Method
Method
How Did I Conduct This Study?
To explore whether business students’ AI literacy influences their willingness to use AI at work, I designed a study that combines theoretical modeling with data-driven analysis.
I built an extended version of the Technology Acceptance Model (TAM) by adding two new components: Perceived Credibility and AI Literacy. Then, I created a customized survey for students at Emory University’s Goizueta Business School and gathered 98 valid responses across different majors and academic levels.

AI Literacy: Not Just for Techies Anymore
To analyze the data, I used three main tools: SPSS (for statistical analysis), AMOS (for path modeling and structural equation modeling), and the Bootstrap method (to test whether certain variables act as mediators)
Altogether, this approach helped me go beyond simply asking “Will students use AI?” — it allowed me to understand why they would or wouldn’t, and what factors truly influence that decision.
Technology Acceptance Model (TAM)

At the heart of my study is the Technology Acceptance Model (TAM) , a well-known framework used to predict people’s technology adoption behaviors.
It focuses on two key beliefs:
- Perceived Usefulness (PU): Does the technology help me do my work better?
- Perceived Ease of Use (PEOU): Is it easy to learn and use?
To tailor it to the world of AI, I extended the model in two ways:
- I added a third factor: Perceived Credibility essentially, do students trust what AI tells them?
- I introduced AI literacy as an external variable that influences the other three.
In short, my extended TAM model helped me examine how students’ understanding of AI shapes how useful, usable, and trustworthy they believe AI is — and how that influences their intention to use it at work.
SPSS: (Statistical Package for the Social Sciences)
Like an advanced version of Excel — but made for serious statistics.
SPSS stands for Statistical Package for the Social Sciences, and it’s one of the most widely used tools in academic and business research.
After I collected my survey responses, SPSS was the first tool I turned to. I used it to:
- Calculate averages and standard deviations;
- Check how consistent the survey items were (known as reliability testing);
- Explore simple relationships between variables (like AI literacy and perceived
usefulness).
In short, SPSS helped me understand what the students were saying and whether their responses formed clear patterns.
AMOS: (Analysis of Moment Structures)
The tool that draws connections and tests cause-effect pathways.

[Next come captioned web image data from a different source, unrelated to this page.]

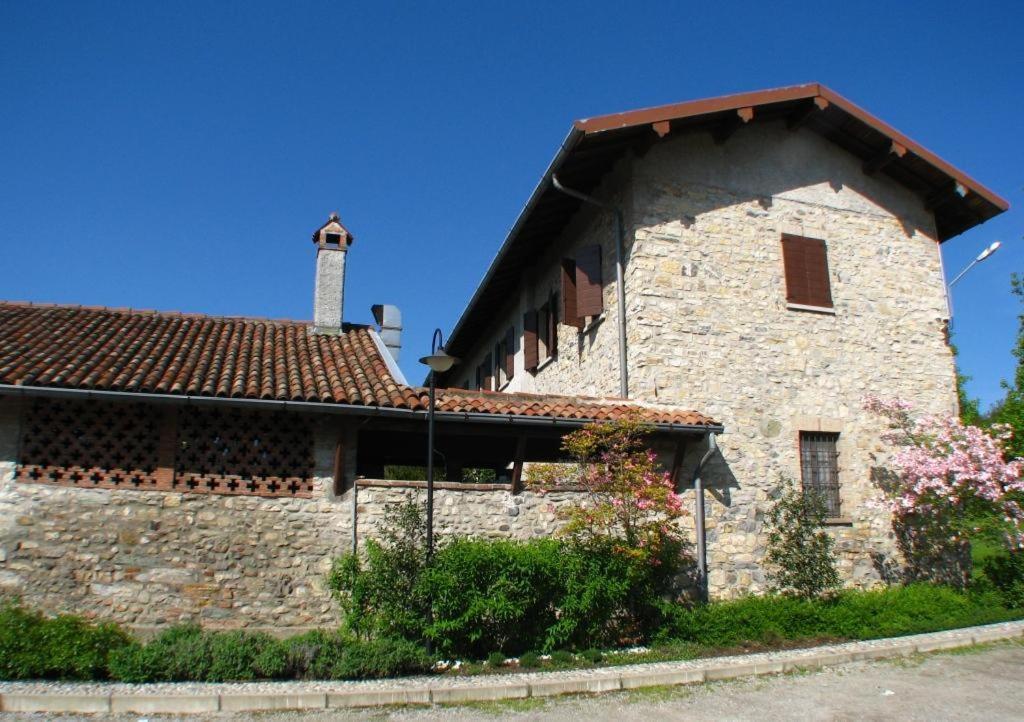 Agriturismo Cassinazza Farm stay *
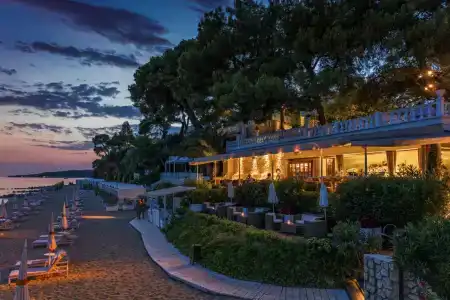 Danai Beach Resort & Villas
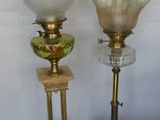 deux lampes placées l'une à côté de l'autre sur une table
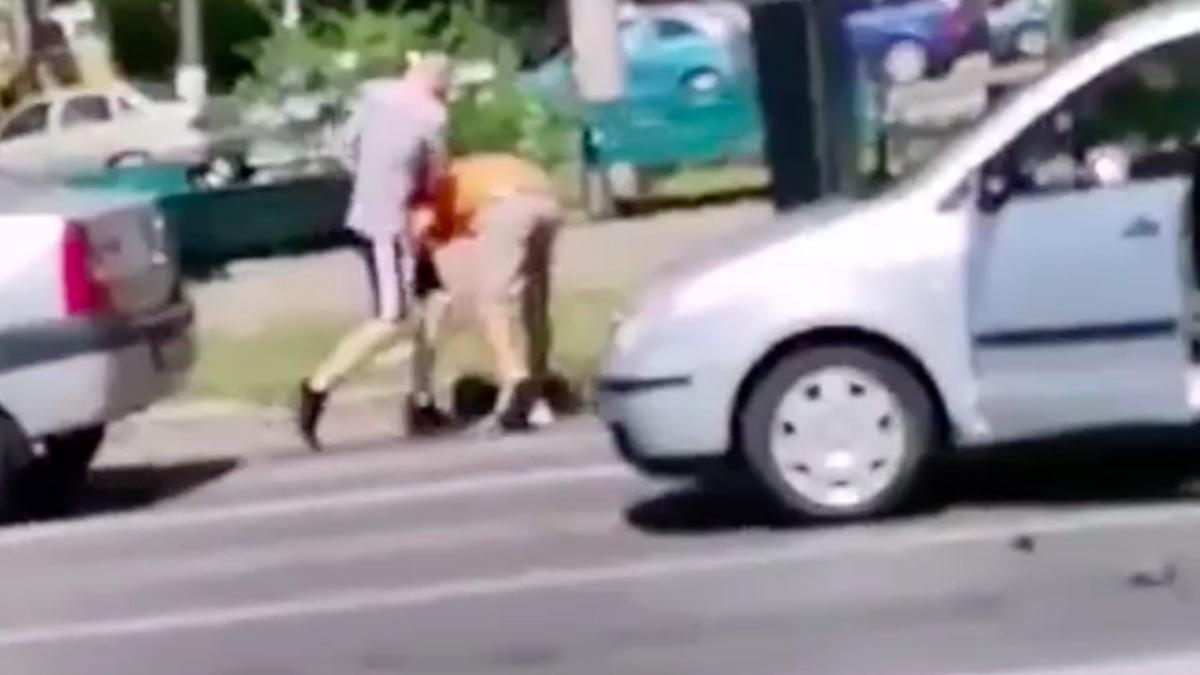 pumni si picioare impartite fara mila in plina intersectie dupa sicanare trafic buzau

AMOS, which stands for Analysis of Moment Structures, is a tool designed for advanced modeling — especially when you want to test cause-and-effect relationships between variables.

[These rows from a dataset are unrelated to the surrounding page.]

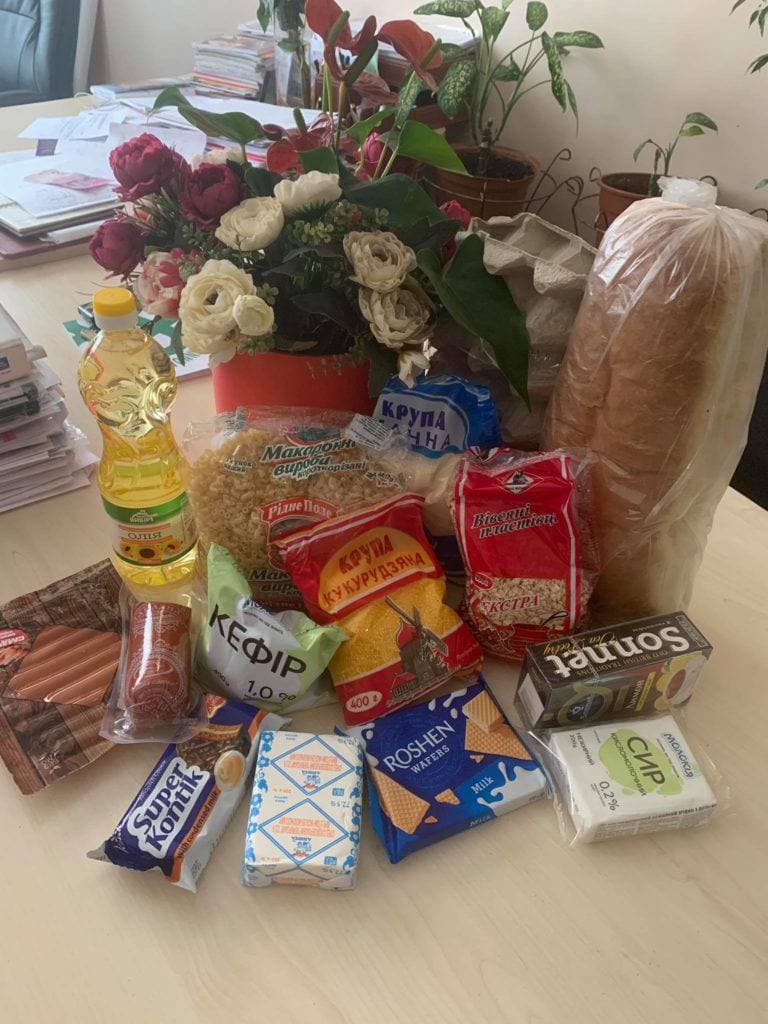 В Мукачеві волонтери розвозили пакунки з харчовими продуктами по 105 адресам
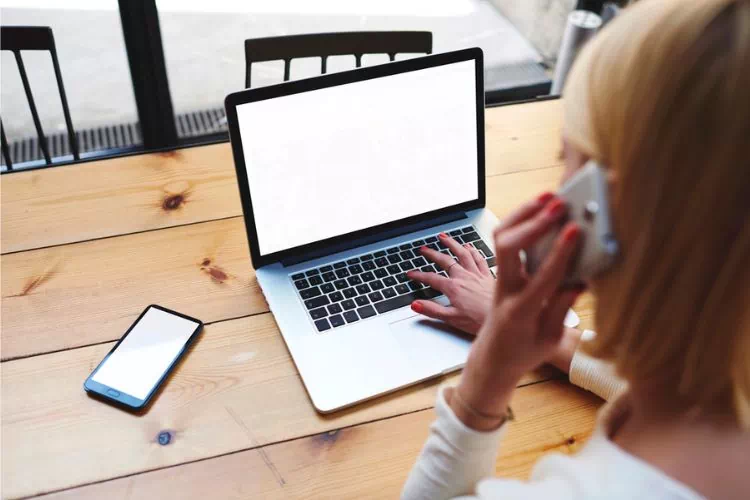 Femme travaillant sur mac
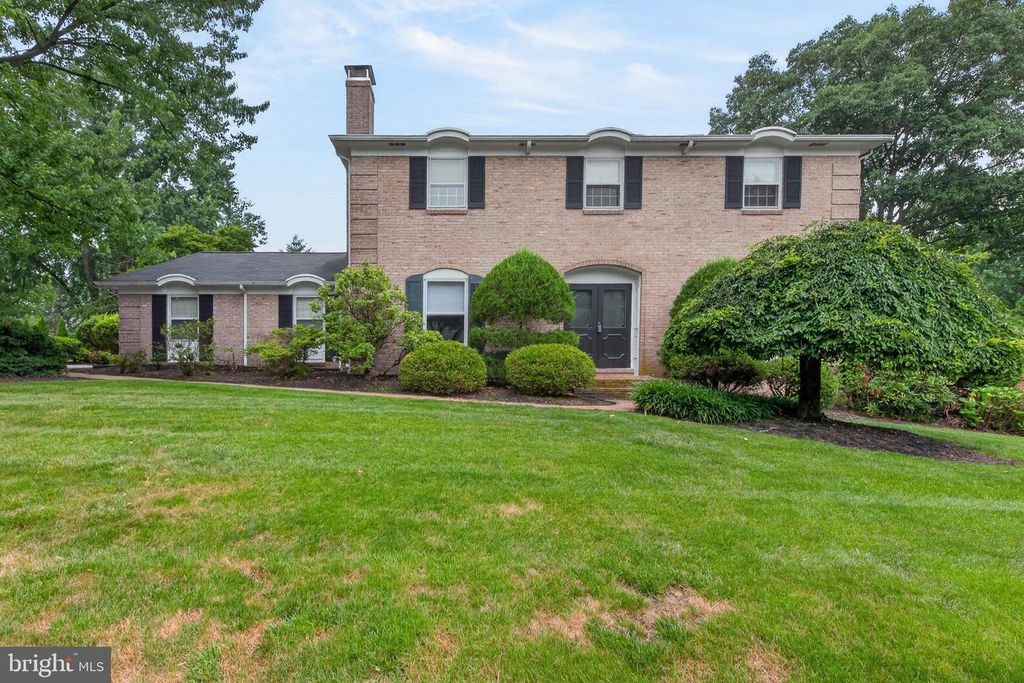 1108 MILL MAR RD, Lancaster, PA 17601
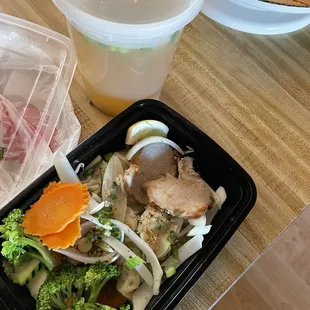 One time soup delivery supposed to be chicken with no broccoli instead I got pork and broccoli horrible flavor broth was nasty and sweet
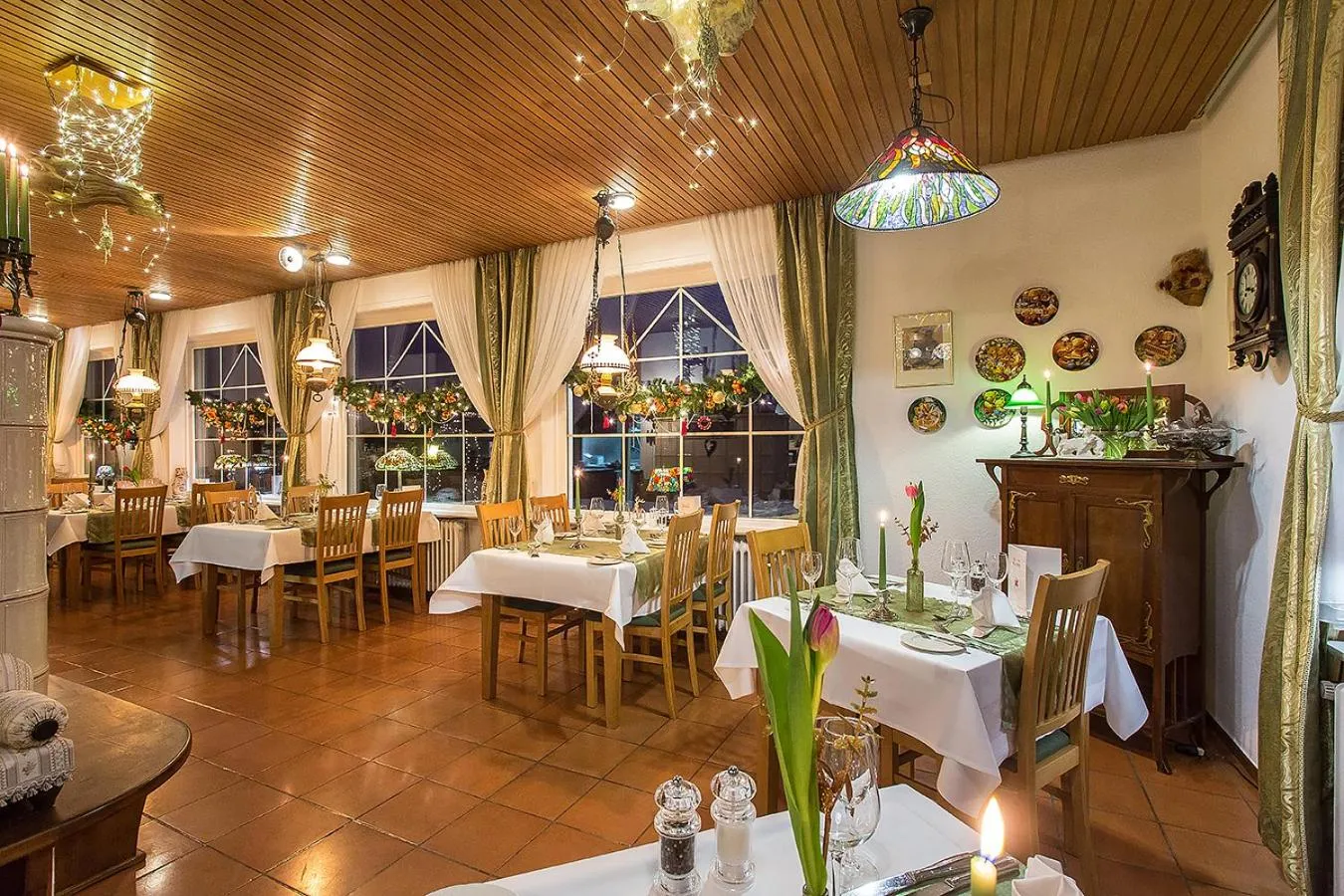 Restaurant/places to eat in Hotel Diana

In my research, I used AMOS to:
- Build a diagram showing how AI literacy, perceived usefulness, ease of use, and credibility all connect;
- Measure the strength and significance of each path in the model;
- Test how well my overall model fits the real-world data (a process called model fit evaluation).
AMOS essentially lets me take the “ideas” from my theoretical model and see if they actually hold up when tested with real student responses.
Bootstrap: Verifying the Middlemen
A resampling method that helps test if something really works as a “bridge” between two things.
Imagine you suspect that Perceived Usefulness explains why AI literacy leads to AI use intention. How do you confirm that it plays a “mediating role”? That’s where Bootstrap comes in.
Bootstrap:
- Resamples your dataset thousands of times (with replacement);
- Tests whether the indirect effect is statistically meaningful;
- Builds confidence intervals to determine whether those effects are reliable.
In simple terms, it’s like doing the experiment thousands of times to see if your “middle step” really matters — and it helped me prove that the bridges in my model weren’t just guesses.
What Kind of Survey Did I Use?
To gather data, I created a structured survey tailored for business students at Emory’s Goizueta Business School. The survey measured five key areas: AI literacy, perceived usefulness, ease of use, credibility, and intention to use AI — all based on established research models.
Each statement used a 5-point Likert scale, from “strongly disagree” to “strongly agree.” Example items included:
- “I can explain how AI works.”
- “I find AI tools helpful in completing tasks.”
- “I intend to use AI in my future career.”
In total, I collected 98 valid responses.
You can find the full list of survey questions in the appendix of my full thesis.